8 Things You Actually Can't Recycle - Home & Texture
Home Recycle

8 Things You Think You Can Recycle but Actually Can't — And Shouldn't

October 20, 2023 at 8:30 PM PST
Home Recycle

8 Things You Think You Can Recycle but Actually Can't — And Shouldn't

October 20, 2023 at 8:30 PM PST

We’ve been told, from the time we are very young, about the importance of recycling. It feels noble to have separate bins, and know you’re doing your part for a greener planet. The reality of it, however, reveals a much different story. Recycling is complicated, and since it’s done locally, states and even cities have their own separate rules. Not everything can be tossed into the recycling bin with the expectation that it will magically be transformed into a new product. These are just a few common misconceptions about recycling and things you might think are recyclable but, in reality, cannot be.

Plastic trash bag
Photography Credit: Juan Pablo Serrano Arenas

Plastic Bags: A Recycling No-No

The short answer is actually: it depends. Plastic bags are a common item found in households across the world. They are lightweight, versatile, and seemingly easy to recycle. However, they are one of the primary culprits when it comes to recycling contamination. Many recycling facilities do not accept plastic bags because they can clog up sorting machines and cause damage. Instead of recycling, consider reusing them or dropping them off at designated collection points, often found at grocery stores.

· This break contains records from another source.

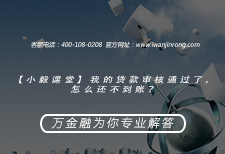 【小毅课堂】我的贷款审核通过了，怎么还不到账？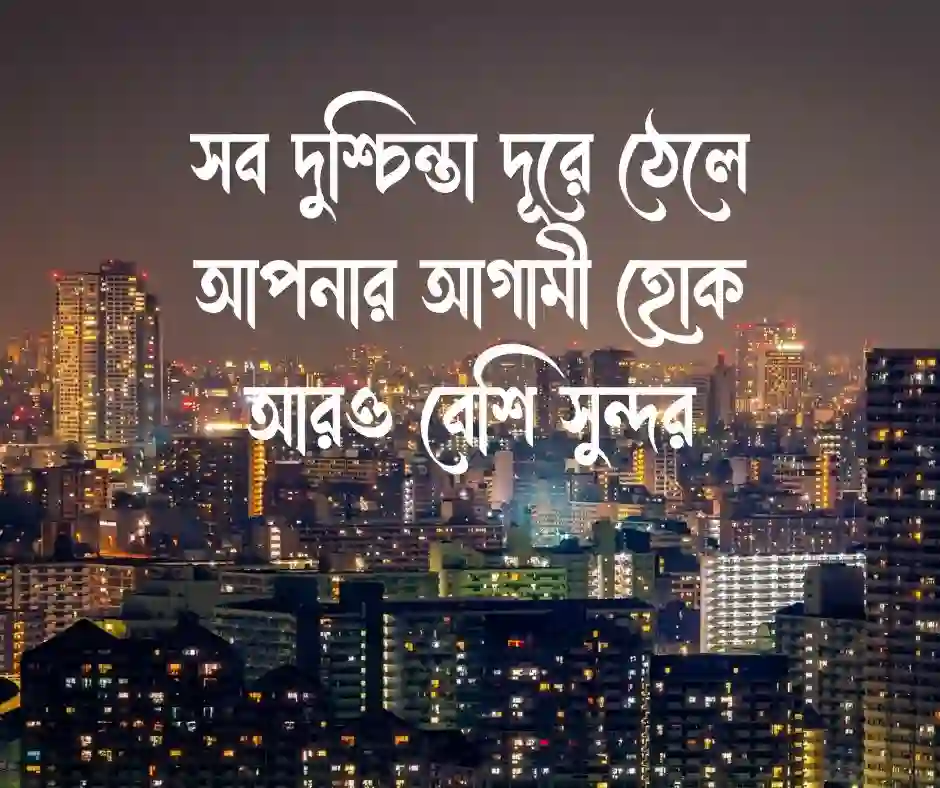 শুভ সন্ধ্যা শুভেচ্ছা স্ট্যাটাস Good Evening Wishes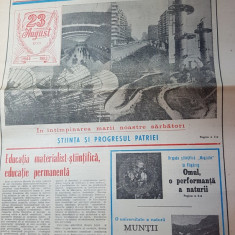 ziarul magazin 13 august 1983-articol despre muntii retezat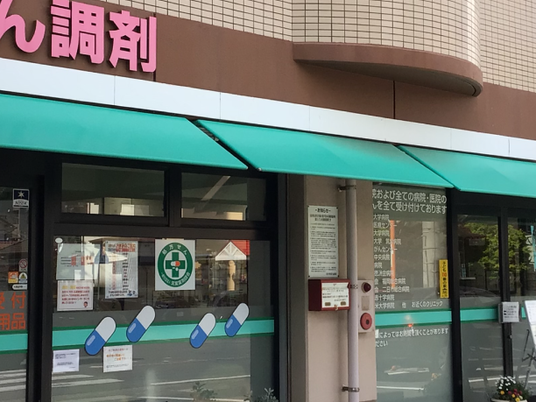 調剤薬局の外観  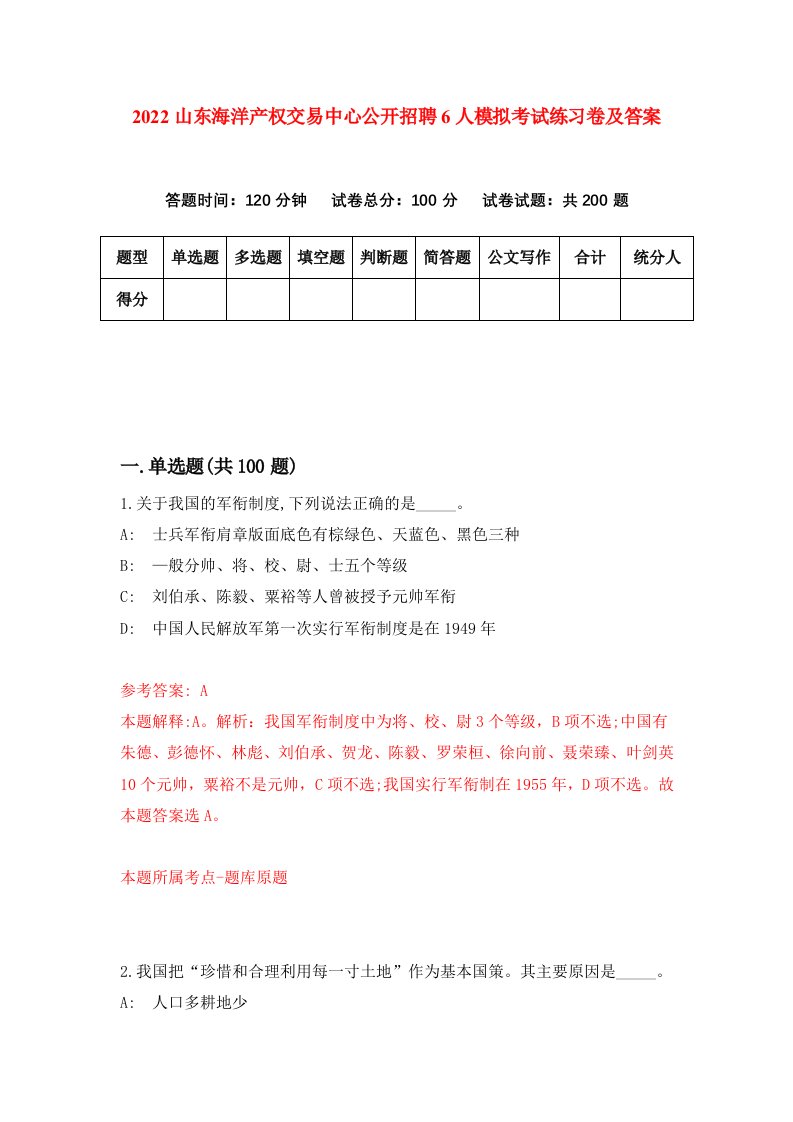 2022山东海洋产权交易中心公开招聘6人模拟考试练习卷及答案6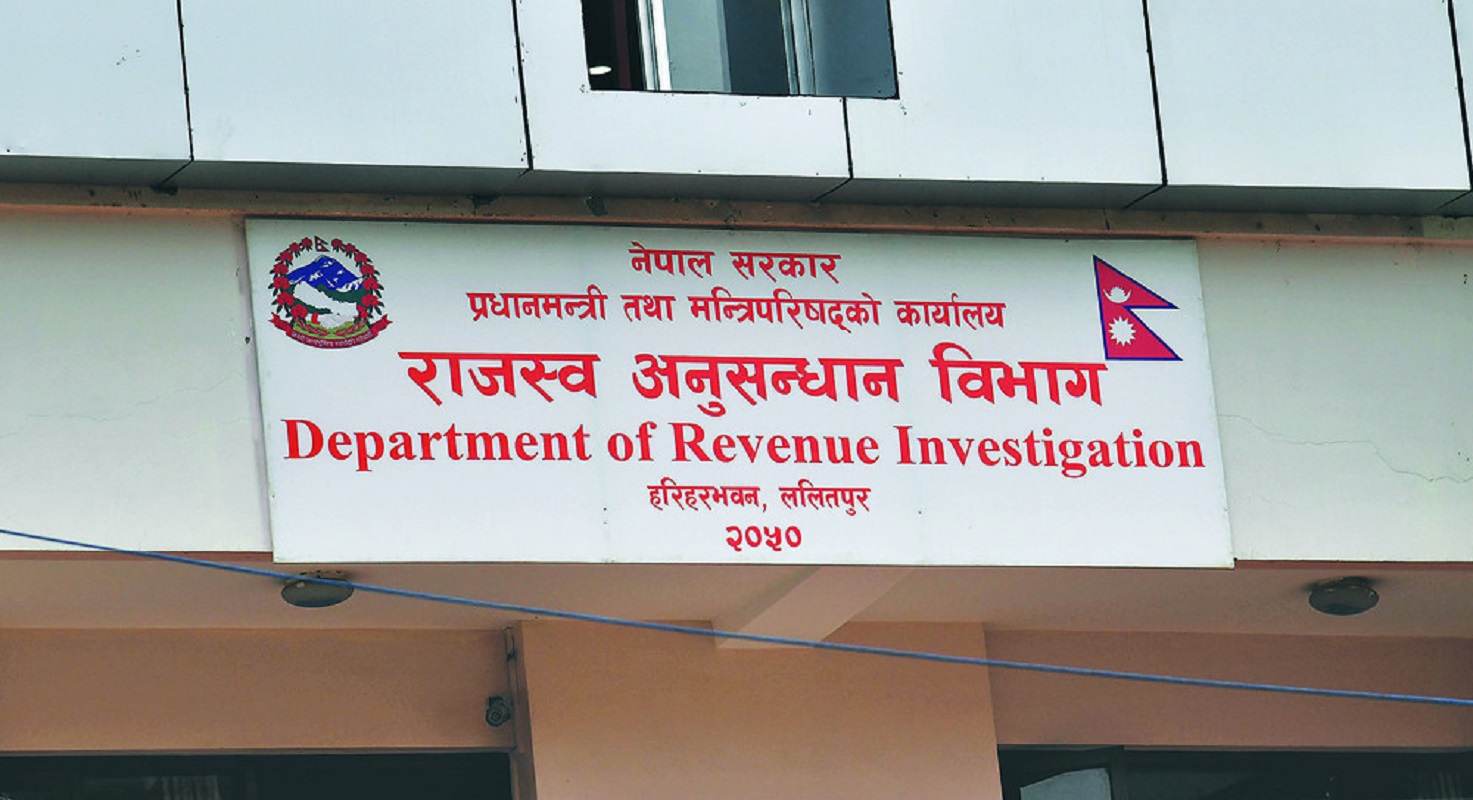 नक्कली भ्याट बिल बनाएर राजश्व चुहावट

Pizza Boxes: More Grease, Less Recycling

Pizza boxes are typically made of cardboard, which is recyclable, right? Not necessarily. Pizza boxes often become contaminated with grease and food residues, making them unsuitable for recycling. The grease can interfere with the recycling process and compromise the quality of the recycled paper. To be more eco-friendly, tear off any clean cardboard portions for recycling and dispose of the greasy parts in the trash.

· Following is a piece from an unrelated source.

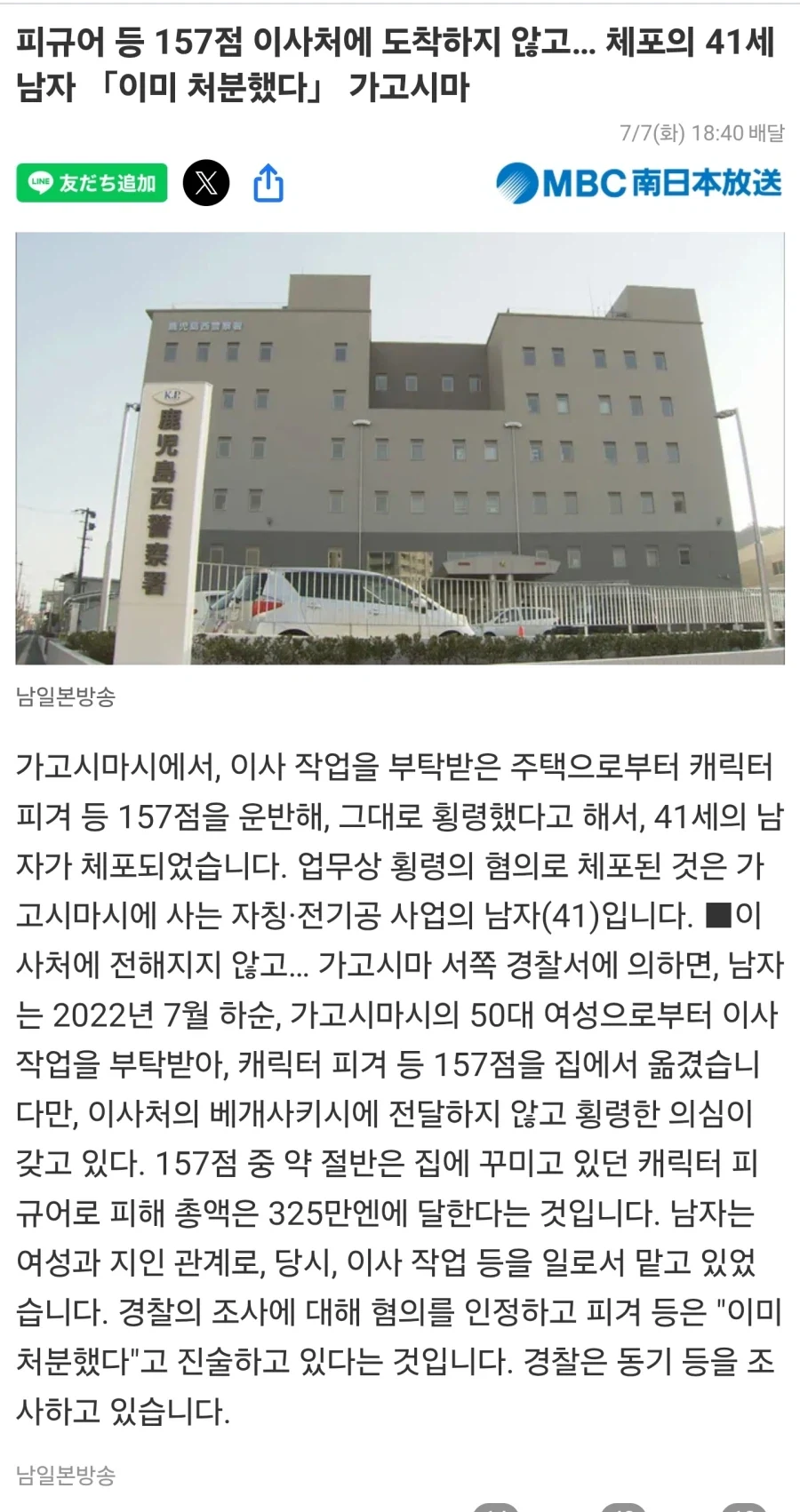 지인 이사짐 옮겨주면서 피규어 157개 횡령한 사람_1.webp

Styrofoam: An Environmental Menace

Styrofoam, or expanded polystyrene (EPS), is lightweight and used extensively for packaging. Unfortunately, it’s an environmental menace. It’s not accepted in most recycling programs because it’s difficult to recycle and breaks down into tiny, non-biodegradable pieces that can harm wildlife. To reduce Styrofoam waste, consider using alternatives like paper-based packaging or seek out specialized recycling programs that accept it.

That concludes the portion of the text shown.